BP: What advice, in the current incredibly competitive musical world, would you give to young musicians just starting their careers?

ED: Musicians should study whole works, not excerpts, and use a score to think more like a conductor. They should listen to recorded examples from many decades. Despite the technical and audio flaws, it is important to hear both the freedom of interpretation and the reaction against too much freedom that’s happened over a century of recorded examples. The pendulums swing this way and then back. I think we’ve passed into an era of a lot of literalism, and things will pass back to something more personal.

BP: What message would you leave to Local 802 members and union members around the world? What would be your message to them?

ED: I think it’s very important to educate our students about the history of the union and its importance to the field of classical music. I remember my dad used to buy his surgical instruments from a man in the Detroit Symphony, and I thought it was so cool that he knew somebody in the Detroit Symphony. What I didn’t understand was that everybody who worked in a symphony orchestra in those days had to have another job on the side, because the orchestras only worked about a 32-week season. Besides honing their art as musicians, they had to have other kinds of jobs, often menial ones, selling things, going door to door, driving cabs in New York, and that’s very sad, because to be a really top musician takes all your time and attention just as it would for somebody to become an Olympic athlete. I think young people today don’t really understand what the union has done to help us get a living wage and longer seasons. I teach a sort of career development class at Juilliard, and understanding the union is one of the essential topics.

BP: What inspires you to keep going?

ED: I am greatly inspired by the commencement speech given by the famous cellist Lynn Harrell for the Cleveland Institute of Music, when he was 50 years old. You can probably find it online. He tells the story of his first job in the Cleveland Orchestra and how he got his come-uppance at the hands of George Szell, who told him he was behaving like one of the herd, bored because he wasn’t trying hard enough, and then opening his eyes and ears to what was around him. I identify with this story. Every night I sit in the orchestra I am surrounded by so much beauty, so much excellence on the part of my fellow musicians. I’m awestruck by how fantastic the strings are.
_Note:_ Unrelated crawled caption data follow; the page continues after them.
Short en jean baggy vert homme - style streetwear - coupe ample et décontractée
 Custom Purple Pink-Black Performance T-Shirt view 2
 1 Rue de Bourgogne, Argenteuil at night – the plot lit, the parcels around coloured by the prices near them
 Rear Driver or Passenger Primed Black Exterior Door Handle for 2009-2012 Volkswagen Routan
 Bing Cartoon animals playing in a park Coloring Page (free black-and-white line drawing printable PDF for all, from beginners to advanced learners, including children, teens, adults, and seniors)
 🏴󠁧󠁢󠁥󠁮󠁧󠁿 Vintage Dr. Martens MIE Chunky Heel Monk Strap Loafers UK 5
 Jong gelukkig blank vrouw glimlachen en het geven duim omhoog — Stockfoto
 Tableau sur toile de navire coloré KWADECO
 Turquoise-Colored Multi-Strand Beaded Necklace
I can often hear them individually, and they are so good! There are glowing, resonant, flexible woodwind tones all around me, and I struggle to fulfill my responsibility in this amazing choir. In my early years I just didn’t understand this, and I didn’t know how to listen. After I had been in the Met for about five years, I thought, “And now I’ll go back to playing in a symphony!” After ten years in the Met, I got married and had two children, and I realized I would probably spend the rest of my career in the Met; I had a complete change of attitude. I realized the more I put into it, the more I will get out of it, and so will everyone around me; to know more about the music and more detail about the operas, the more it’s going to hold my interest. Someone asked Harrell, “Don’t you get tired of taking the Dvorak ‘Cello Concerto’ all around the world?” He said, “What? Are you kidding? I’m always learning something new about this piece, even from my students, and every time I work on it, I see something new.” It’s that attitude I also get from Levine and also from John Mack: if you dig deeper, there is always more to find, and you will keep your energy and inspiration forever.